El mundo ha cambiado, se ha complejizado, las fronteras se han movido, su pulso se ha vuelto excesivamente rápido, se ha vuelto virtual, instantáneo, violento, extraño, difícil de entender y con ello también nuestra identidad; añádanse los nuevos escenarios, las nuevas realidades, que ha empujado el nuevo virus.

En su conjunto, en los últimos veinte años, la globalización, el neoliberalismo y la galaxia Internet han debilitado a lo público, a lo nacional, a lo social por todos los puntos del planeta; estos fenómenos han erosionado a nuestro nacionalismo, conocido también como nacionalismo revolucionario. La globalización, el neoliberalismo y la galaxia Internet nos han diseñado una lealtad hacia lo individual y al ultra presente, que a otras fuentes de lealtad; fuentes sociales, nacionales, populares. Esta misma tríada, paradojalmente, ha abonado al resurgimiento del rostro oscuro del sentimiento nacional, el odio al otro, a los extranjeros, la intolerancia más feroz hacia los migrantes. Los mexicanos anti-centroamericanos; los estadounidenses anti-mexicanos; los argentinos anti-bolivianos, etcétera.

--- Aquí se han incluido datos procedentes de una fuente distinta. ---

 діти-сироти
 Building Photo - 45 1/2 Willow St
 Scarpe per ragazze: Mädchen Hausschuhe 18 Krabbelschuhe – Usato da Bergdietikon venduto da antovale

Finalmente, nuestro contexto más inmediato en México está siendo protagonizado por un político carismático, fuente inagotable de odios y de amores, ustedes ya saben quién…, quien desde el Palacio Nacional, epicentro político de México, todas las mañanas, ha venido empujando una pasión o una creencia de algo llamémosle: nacional-popular-local-regional. Una narrativa política compuesta por imágenes, representaciones, ideas, relatos, versiones, convicciones sobre lo público, lo social, lo nacional. Una época inusual, quizá han sido todas las épocas, que sentimos decisiva para robustecer o para abandonar una identidad que creíamos suspendida, old fashion, ajena al siglo que corre. ¿Qué hace a la mexicana, al mexicano, ser mexicanos? ¿Cómo escribir narrativas que sirvan a la gente y no al poder? Preguntas cíclicas sobre las que volveremos seguramente en septiembre.